Exercise goal: Give back every line of the data exactly. Pictures are not part of the copy.

--- Data excerpt Enclosed Below ---

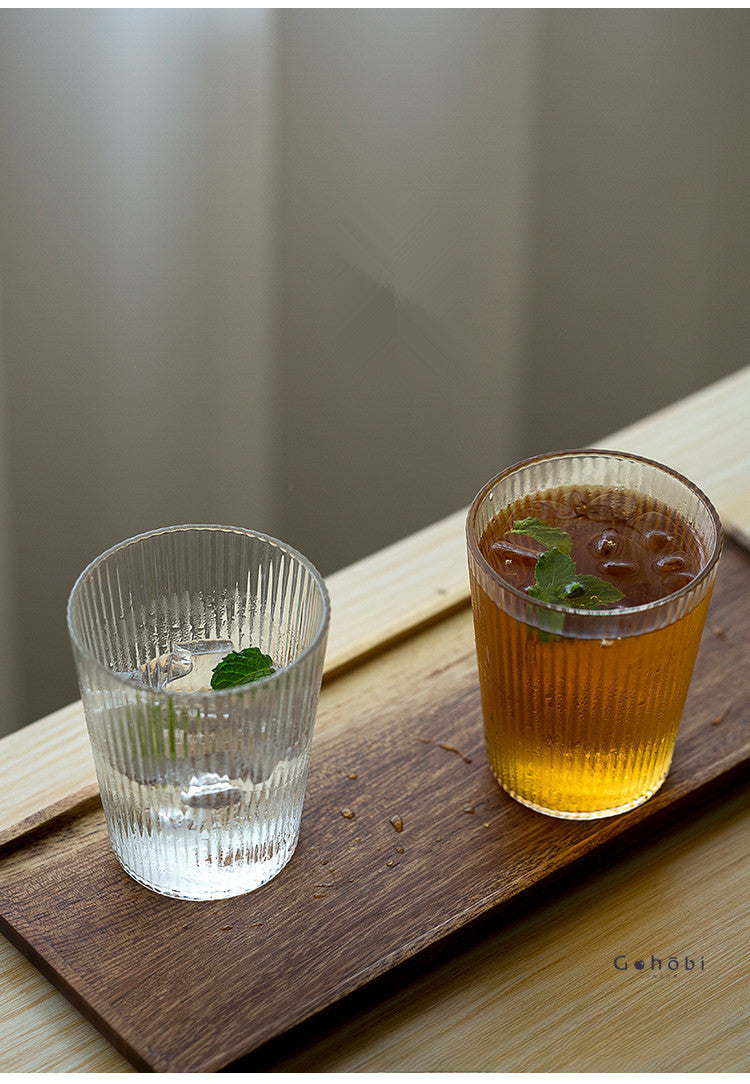 Gohobi Japanese Style Vertical Stripe Glass Tea Cup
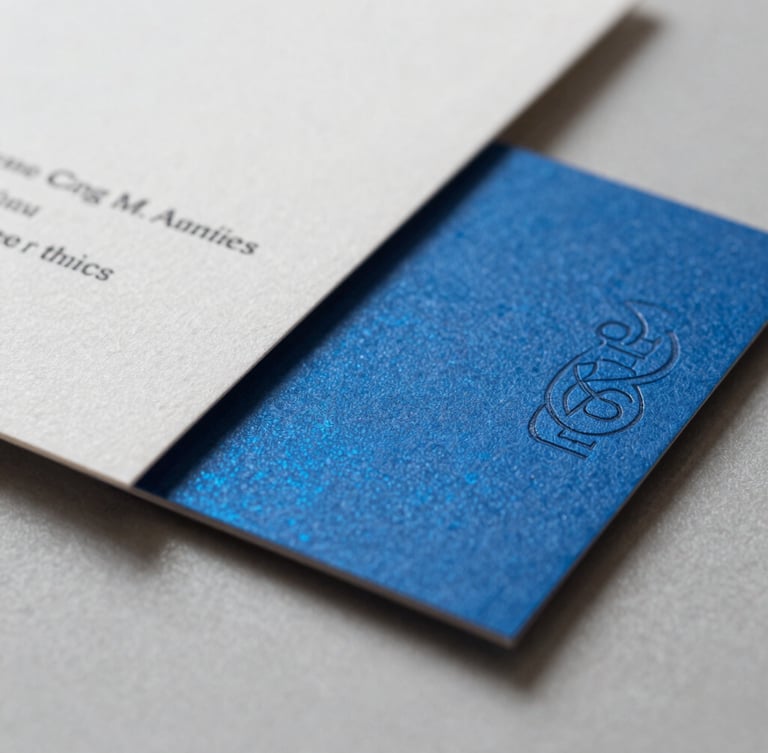 Close-up macro shot of premium textured paper stocks and business card mockups with embossed blue foil details, bright studio lighting, shallow depth of field.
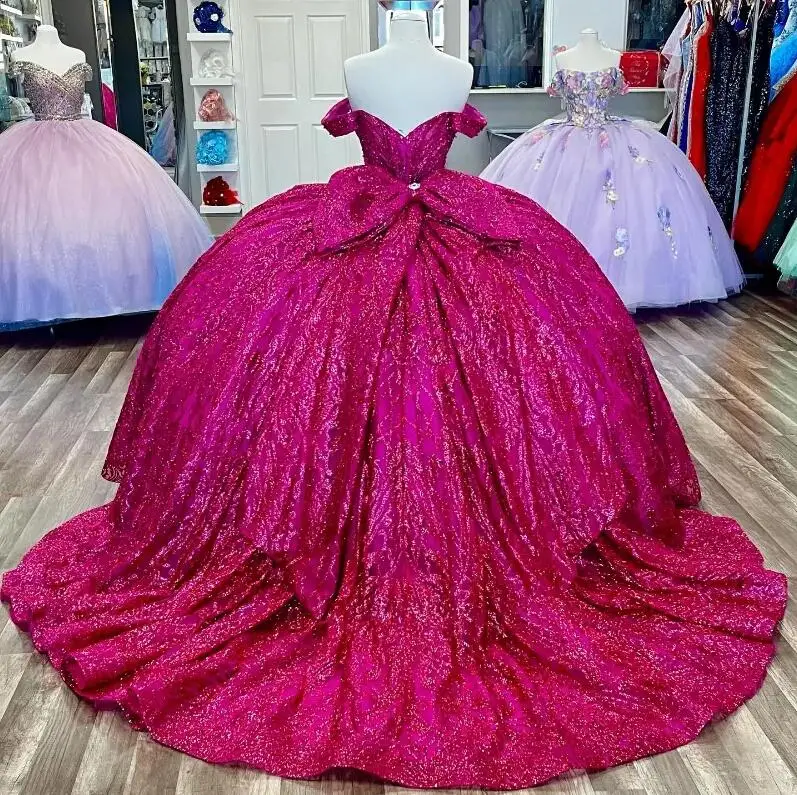 Fuchsia Pink Glitter Crystal Sequined Quinceanera Dresses Ball Gown Off The Shoulder Beading Tull Corset Vestidos 15 De XV Anos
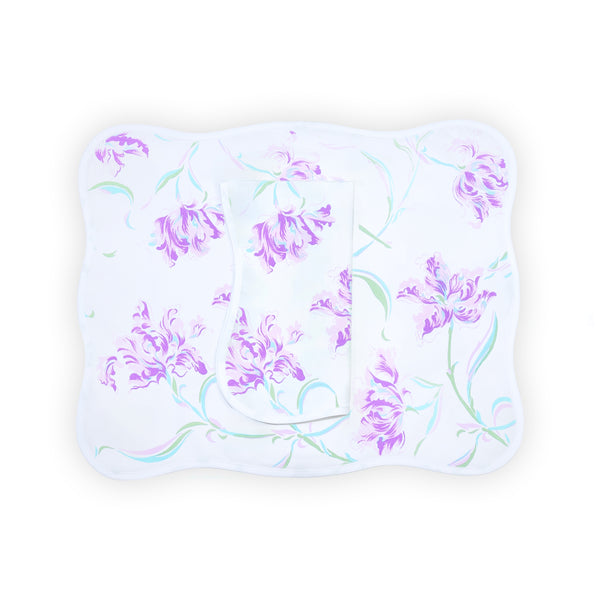 Tulipe Perroquet Lavender Printed Placemat/Napkin Sets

--- End of Enclosed Data excerpt ---

Solution to this exercise:
 Gohobi Japanese Style Vertical Stripe Glass Tea Cup
 Close-up macro shot of premium textured paper stocks and business card mockups with embossed blue foil details, bright studio lighting, shallow depth of field.
 Fuchsia Pink Glitter Crystal Sequined Quinceanera Dresses Ball Gown Off The Shoulder Beading Tull Corset Vestidos 15 De XV Anos
 Tulipe Perroquet Lavender Printed Placemat/Napkin Sets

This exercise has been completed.